Also to the OP, most people I know who insist on doing Asian caricatures combine the L and R thing indiscriminately, as in “Helro, I honorable Bluce Ree.”
Sir Rhosis
Also to the OP, most people I know who insist on doing Asian caricatures combine the L and R thing indiscriminately, as in “Helro, I honorable Bluce Ree.”
Sir Rhosis
I don’t know about Chinese, but in Thailand (another Asian country with a similar tonal language and sound set), the Ls and Rs are pretty often reversed in spoken English. (They have their own idosyncacy that ending Ls are pronounced as Ns, which is consistent with their own language structure. Ironically non-native Thai speakers also tend to have trouble with Ls and Rs as used in Thai. The Thai word for foreigner is farang*, for example, but often pronounced as falang (and often transliterated. The reason for the confusion is that the L sound and the R sound in Thai and English are not perfect equivalents but more like very close approximations. In Thai they seem to also change within the context of the word (by position in the word and depending on placement of nearby vowels). My suspicion is that at least in some Chinese languages some of this occurs. Point being there may well be a strong basis for the “stereotype”. Chinese in Hammond, Indiana (where the film is set) would have most likely been recent immigrants at the time.

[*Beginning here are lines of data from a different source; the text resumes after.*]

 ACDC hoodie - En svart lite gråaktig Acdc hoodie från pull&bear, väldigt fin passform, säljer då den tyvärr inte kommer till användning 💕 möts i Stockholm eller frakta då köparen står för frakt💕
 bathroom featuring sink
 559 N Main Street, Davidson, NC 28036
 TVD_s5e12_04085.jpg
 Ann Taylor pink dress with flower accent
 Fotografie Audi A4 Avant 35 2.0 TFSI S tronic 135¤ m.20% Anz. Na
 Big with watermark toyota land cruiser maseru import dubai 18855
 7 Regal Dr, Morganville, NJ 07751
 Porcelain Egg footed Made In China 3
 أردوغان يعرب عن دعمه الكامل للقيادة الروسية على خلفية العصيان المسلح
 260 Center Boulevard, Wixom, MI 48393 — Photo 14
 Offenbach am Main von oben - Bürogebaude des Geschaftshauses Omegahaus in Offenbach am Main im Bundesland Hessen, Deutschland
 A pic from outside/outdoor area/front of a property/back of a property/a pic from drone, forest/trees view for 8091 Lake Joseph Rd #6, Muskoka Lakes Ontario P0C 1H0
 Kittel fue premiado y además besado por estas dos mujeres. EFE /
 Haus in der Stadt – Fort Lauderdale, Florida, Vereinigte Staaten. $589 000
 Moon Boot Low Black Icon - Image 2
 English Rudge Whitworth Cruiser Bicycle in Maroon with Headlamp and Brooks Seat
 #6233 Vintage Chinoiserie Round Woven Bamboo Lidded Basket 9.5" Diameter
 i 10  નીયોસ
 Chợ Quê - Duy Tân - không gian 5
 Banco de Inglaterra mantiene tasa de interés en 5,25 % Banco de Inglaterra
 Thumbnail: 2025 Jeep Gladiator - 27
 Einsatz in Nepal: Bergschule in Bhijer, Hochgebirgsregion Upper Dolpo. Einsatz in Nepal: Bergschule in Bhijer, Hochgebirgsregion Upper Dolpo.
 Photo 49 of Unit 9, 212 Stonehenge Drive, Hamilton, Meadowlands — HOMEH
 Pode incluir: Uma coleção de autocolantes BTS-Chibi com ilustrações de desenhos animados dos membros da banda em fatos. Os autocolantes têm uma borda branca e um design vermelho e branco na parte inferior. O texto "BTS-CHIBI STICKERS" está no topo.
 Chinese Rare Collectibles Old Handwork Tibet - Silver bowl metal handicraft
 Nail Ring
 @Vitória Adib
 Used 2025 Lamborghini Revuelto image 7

*More or less, the language is not quite that easily transliterated.
I read a book called The Language Instinct in which the author said this was because oriental languages never string constanant sounds together. Each are always immediately followed by a vowel sound. An example he gives is how its impossible for them to say ‘strawberry’. It comes out ‘so-to-ro-berry’.
BTW, Hammond, Indiana was, according to their website, a city of 70,000 in 1940. So not exactly “small town” America, by standards of the day at least, but not a booming metropolis, either. It is located just south of Chicago, so one would assume that if there were a few Chinese restaurants in Chicago then, it would not be unlikely to have one enterprising Chinese restaurant in a nearby community.